Lesson Nine – Personal Evangelism

Personal Evangelism

Lesson Text: I Peter 3:13-22.

I.  Review and preview of I Peter chapter 1-3.  Read from left column across to right to see the action.    

 

II.  Introduction.

We will not want to forget Peter wrote both letters “as reminders to stimulate you to wholesome thinking.”  NIV. II Pet. 3:1.  “This second epistle, beloved, I now write unto you; in both which I stir up your pure minds by way of remembrance.”  KJV.  Please review the Introduction for the original meaning of the significant words.  The English word, mind is generally translated from the Greek nous.  It means “the seat of reflective consciousness, comprising the faculties of perception and understanding.”  W. E. Vine’s dictionary.  In II Pet. 3:1, “minds” has been translated from dianoia.  This word means to make use of the mind to think over, or meditate on what has been learned in the mind.  Thus, it denotes the faculty of knowing, understanding and moral reflection.  Peter wrote to stir up the recipients’ mind about what they already knew and in what they were firmly established (II Pet 1:12; 3:17).  His plea was to get ready for action because they were about to be attacked by religious business people and atheistic scoffers (II Pet. 2:1-3; 3:3).

The foregoing chart has been presented to help us know and reflect in our meditation about what Peter wrote to the original recipients to “stir up” their pure minds.  They understood and were grounded in the pure theologies and ethics listed in the chart (II Pet. 1:12-16).  He wrote both letters to prepare them for people who would not teach the pure gospel.  Because of their own selfish motives, they would preach another gospel – but there is not another (II Cor. 11:4; Gal. 1:6-12; II Pet. 2:1-3).

Today, the people Peter identified in II Peter, Chapter Two, control most of what is happening under the heading of Christianity in the whole universe.  It started in the first century and it has continued to grow.  The doubters Peter identified in chapter three control the governments of most nations, the media in the world realm and the class rooms in public schools.  They do not control what is spiritually happening “in Christ.”  Jesus is the head of His body, the church, and He shall remain in command until God makes His enemies “a footstool for His feet.” Heb. 1:13.
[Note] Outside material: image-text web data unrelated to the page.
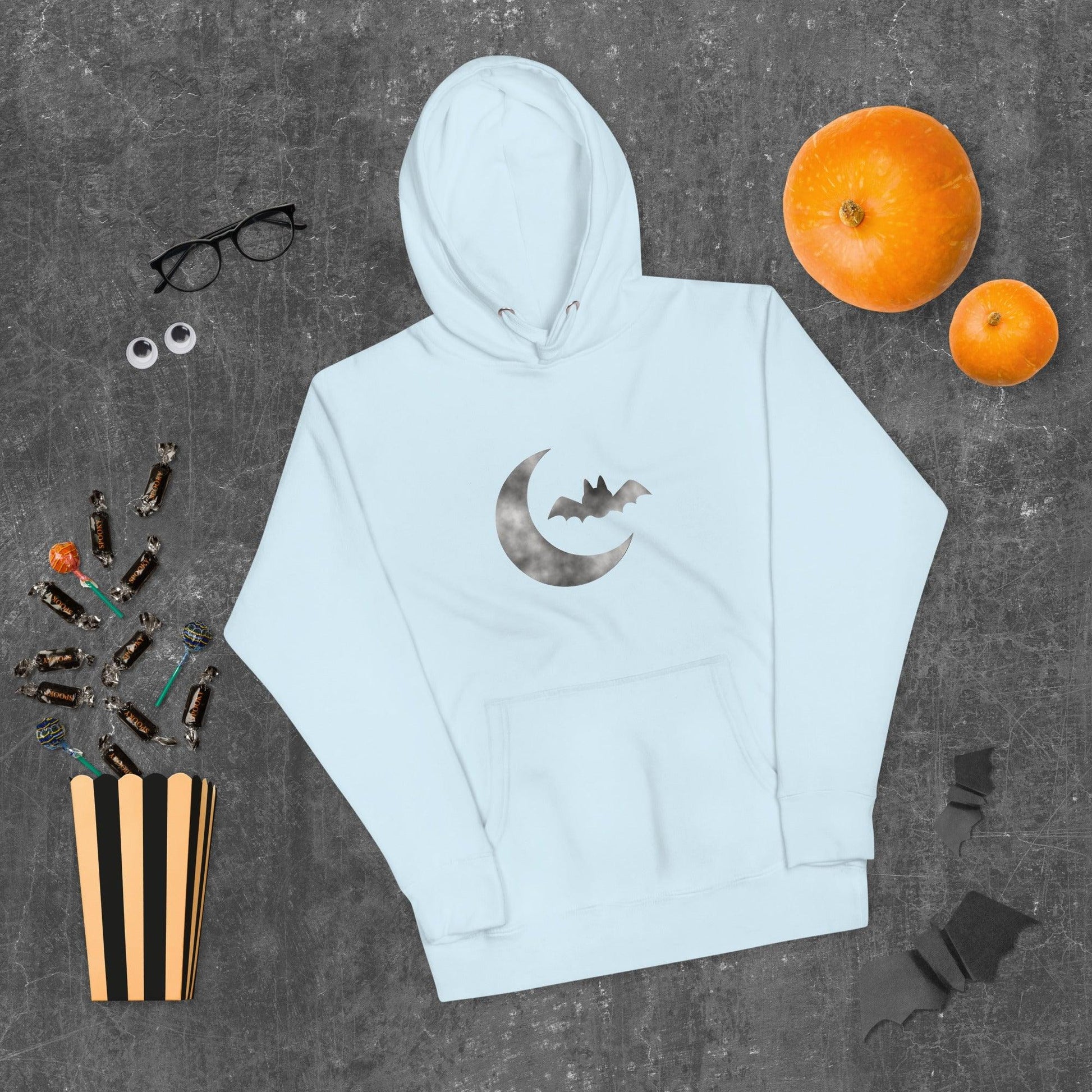 Halloween Cloudy Moon Bat Unisex Hoodie - Lizard Vigilante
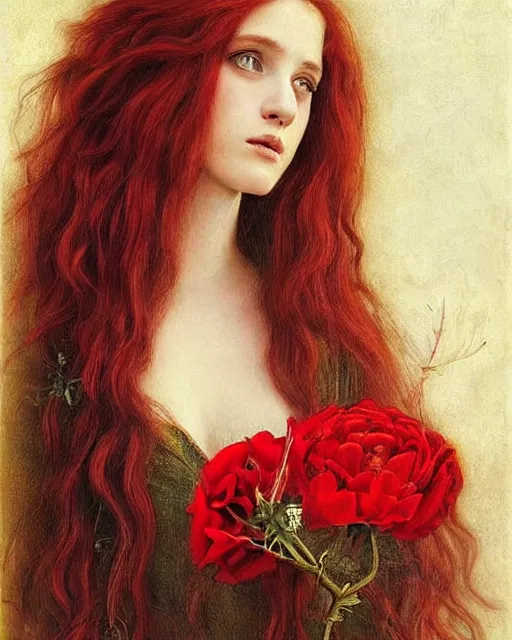 Prompt: a woman with long red hair and a flower in her hair, a photorealistic painting by Carla Wyzgala, pinterest, pre-raphaelitism, pre-raphaelite, enchanting, chiaroscuro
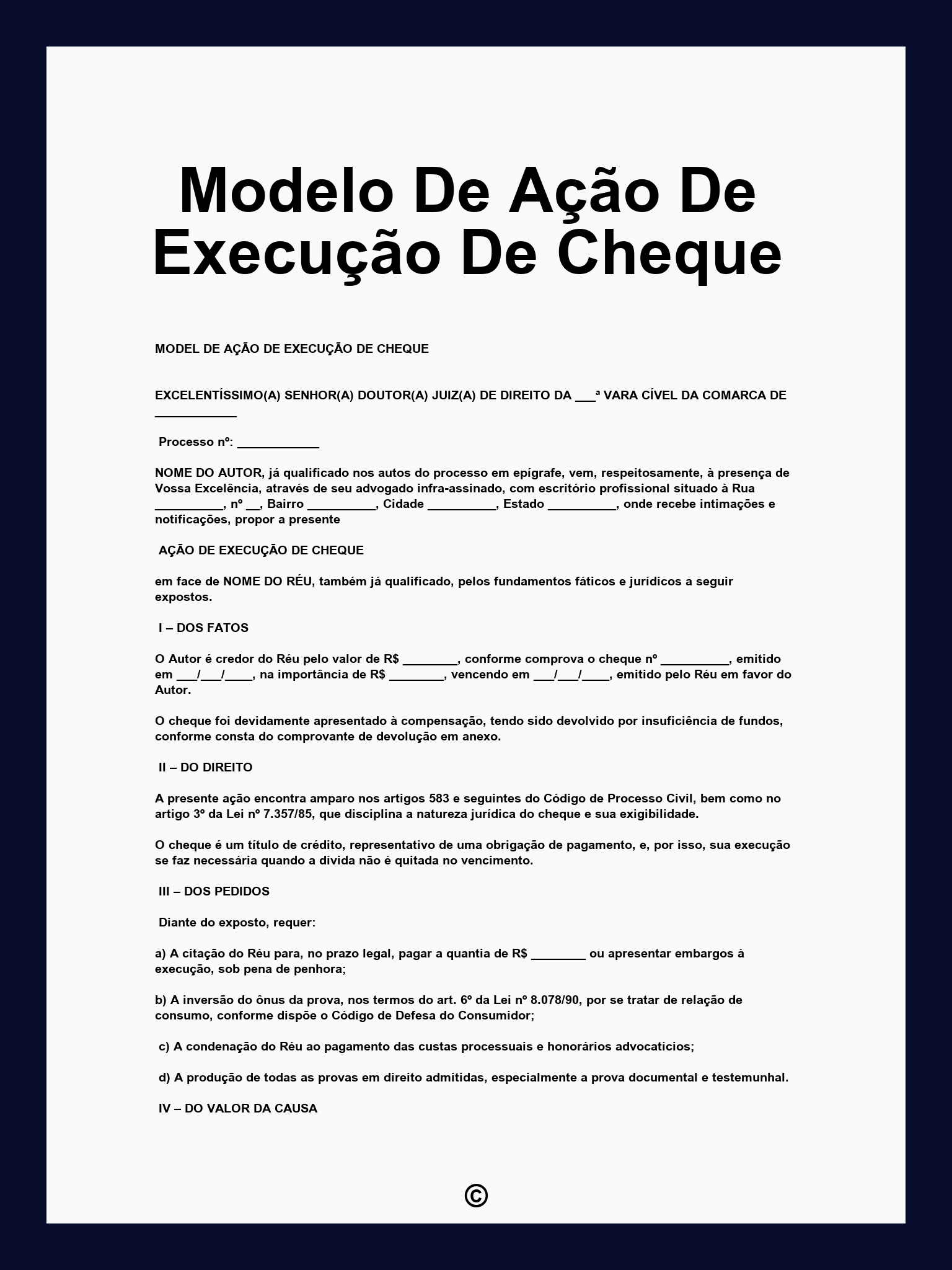 Modelo De Ação De Execução De Cheque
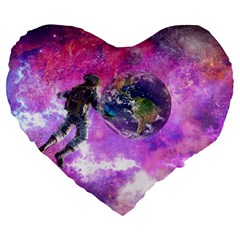 Astronaut Earth Space Planet Fantasy Large 19  Premium Heart Shape Cushions by Ravend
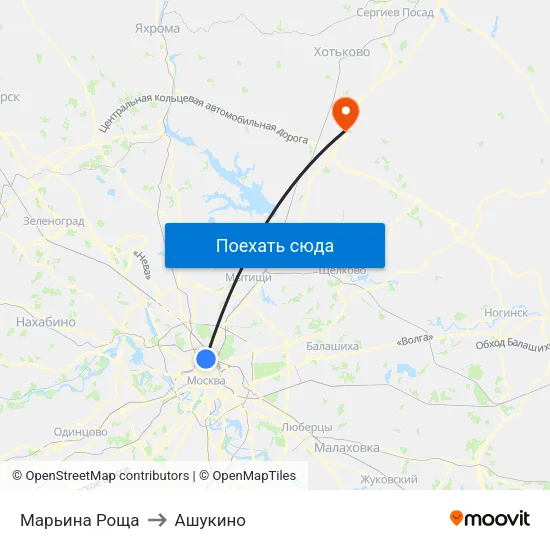 Марьина Роща to Ашукино map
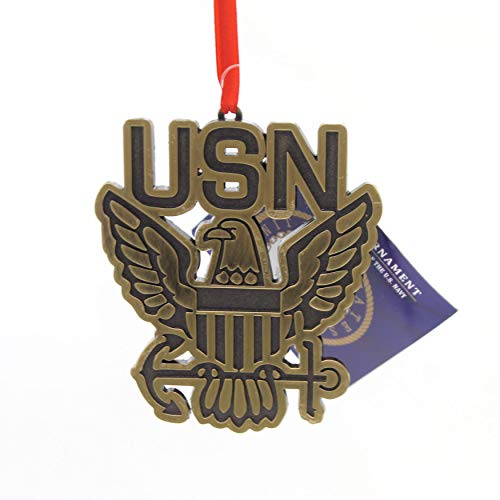 Kurt Adler 3.5" Bas-relief Metal U.s. Navy Ornament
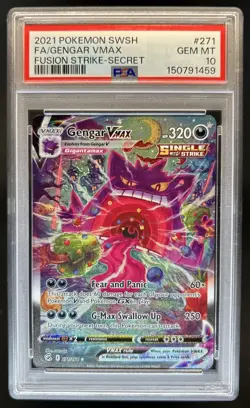 2021 Pokemon SWSH Fusion Strike Gengar VMAX #271/264 PSA 10 GEM MINT - Image 1
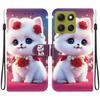 Handmade PU Leather Flip Case for Motorola Moto G86 Anti-Slip Shockproof Cover with Wrist Strap & Heart/Rose Cat Designs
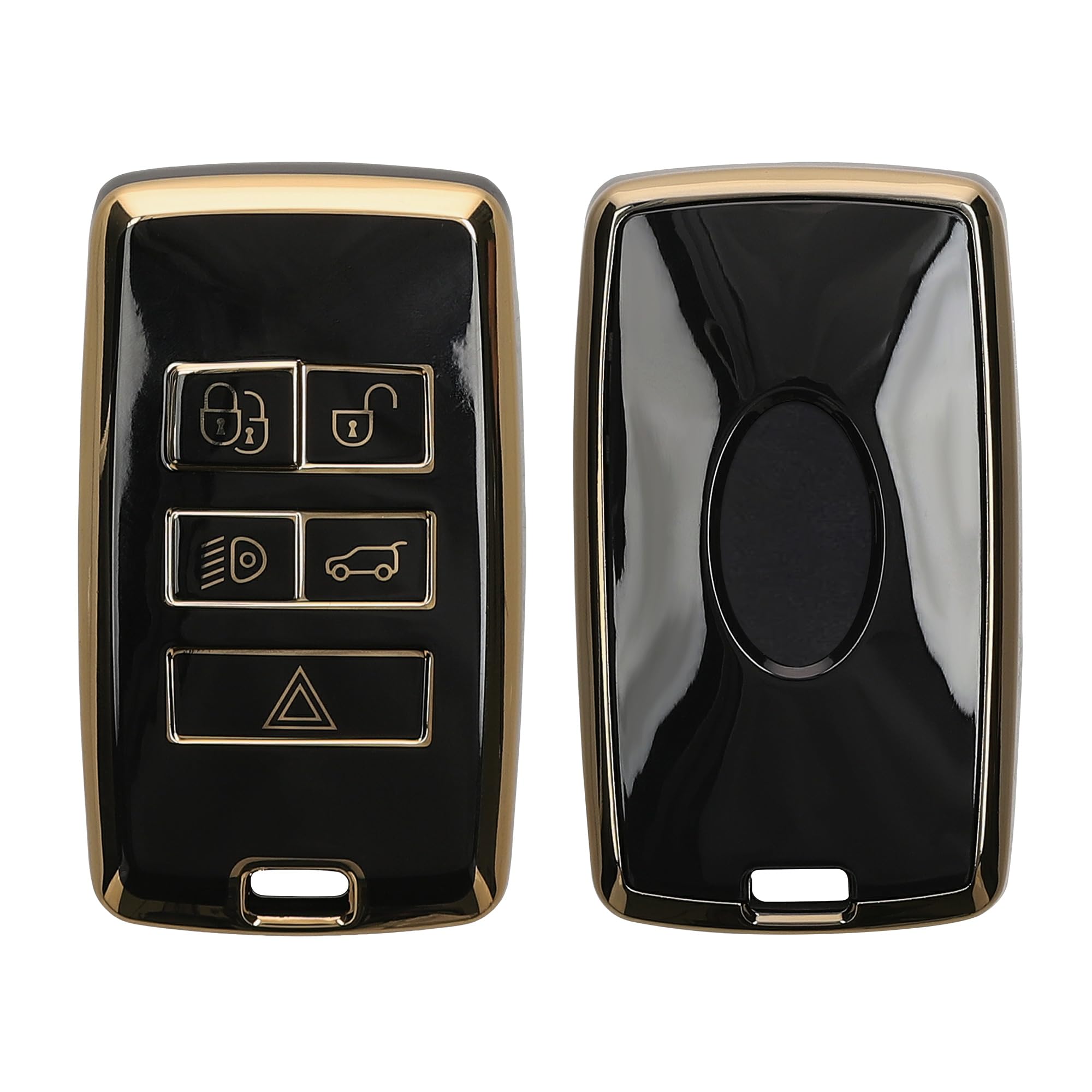 kwmobile Key Cover Compatible with Jagar Range Rover E-Pace I-Pace 5-Buttons - Car Key Fob Case Protector - Black/Gold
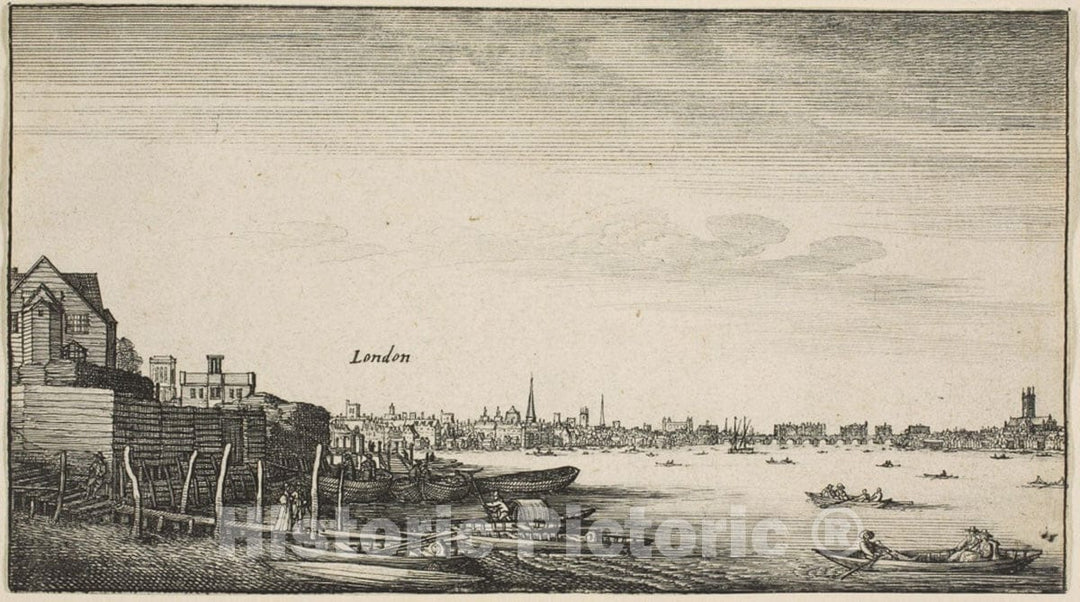 Art Print : London Viewed from the Thames River at Milford Staris Below Arundel House, Wenceslaus Hollar, c.1644, Vintage Wall Decor :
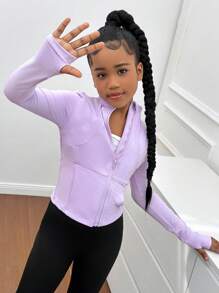 SHEIN Tween 女童轻便拉链夹克，透气运动外套，适合跑步、健身、瑜伽等所有季节穿着 - 淡紫色 - 查看 4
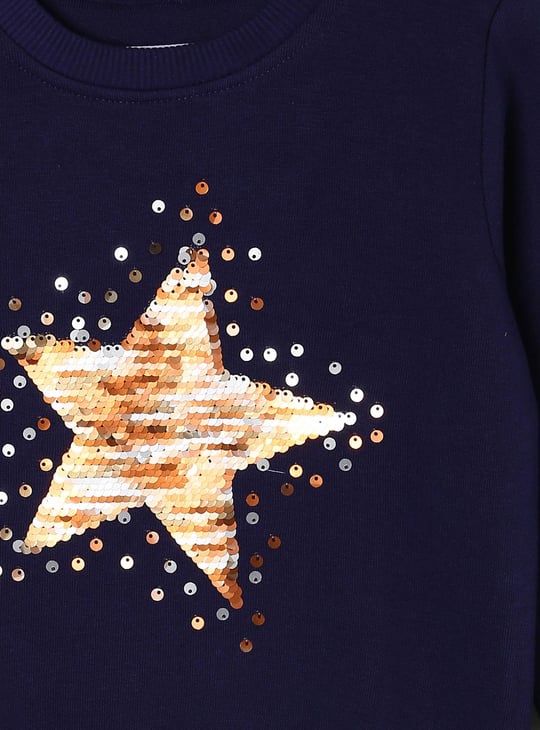 Girls Embellished Round Neck Sweatshirt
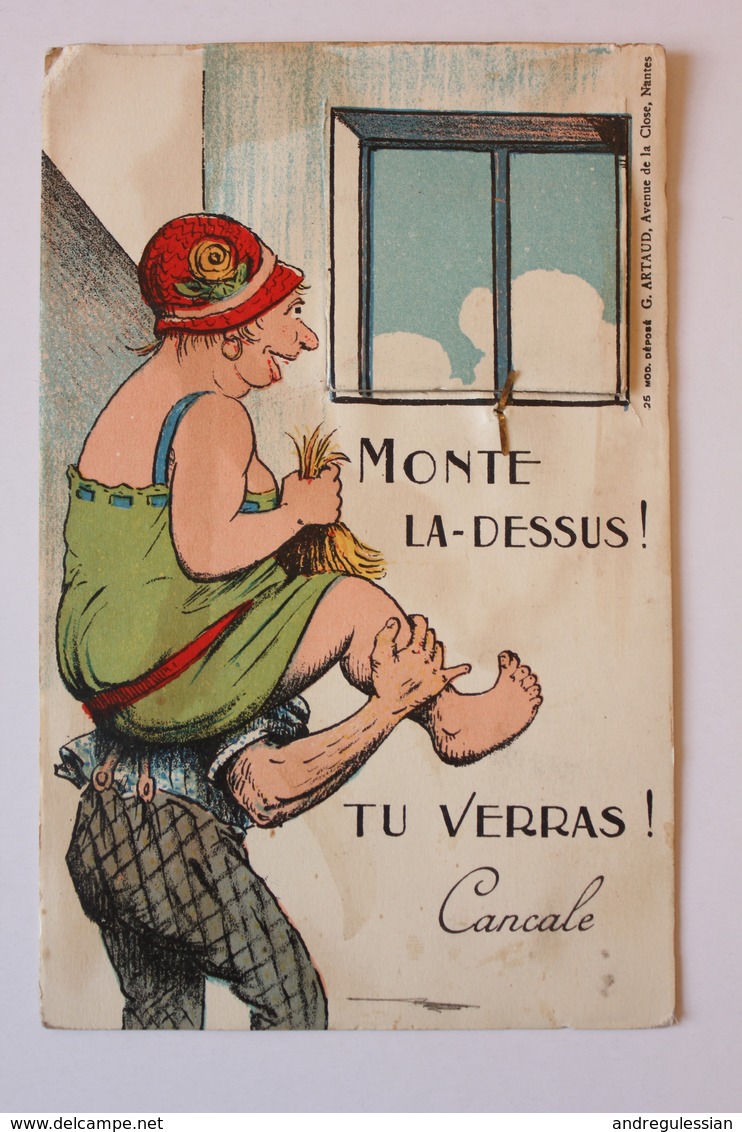 CPA - Carte à Système - MONTE LA-DESSUS TU VERRAS ! Cancale - Cartoline Con Meccanismi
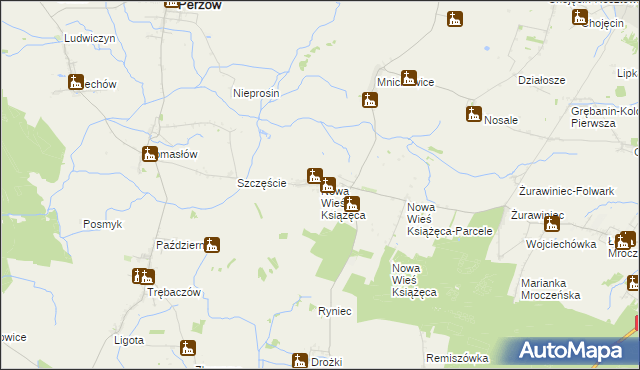 mapa Nowa Wieś Książęca gmina Bralin, Nowa Wieś Książęca gmina Bralin na mapie Targeo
Christians have faith in the theologies and ethical principles listed in the chart.  This is a summary of information found in I Peter, Chapters 1-3.   Christians will not prevent what is happening outside of Christ’s body.  Consequently, we need to use our time and energy where we have influence to promote the kingdom of God and our citizenship as God’s chosen children (Phil. 2:14-16; 3:20, 21).  We can pray for situations where we have no influence, but we must not misuse our strengths where we have no influence to do good.  However, we cannot keep quiet about “the reason of our hope” and still claim to be a disciple of Jesus Christ (Luke 8:21; 9:23-26, 57-62).  He sent The Twelve out to evangelize Israel as a part of their training to be apostles.  Their instructions were to waste no time and energy where they were not allowed to influence the people with the gospel of the kingdom (Luke 9:5).  He issued the command, “shake the dust off your feet.”  Christians need to do the same, but we cannot shake off what we don’t get on.  We need to get the people who present themselves as preachers out from behind those pulpits.  They need to get some dust on their feet in the streets.  There are people outside the church buildings who have not heard the gospel, even once.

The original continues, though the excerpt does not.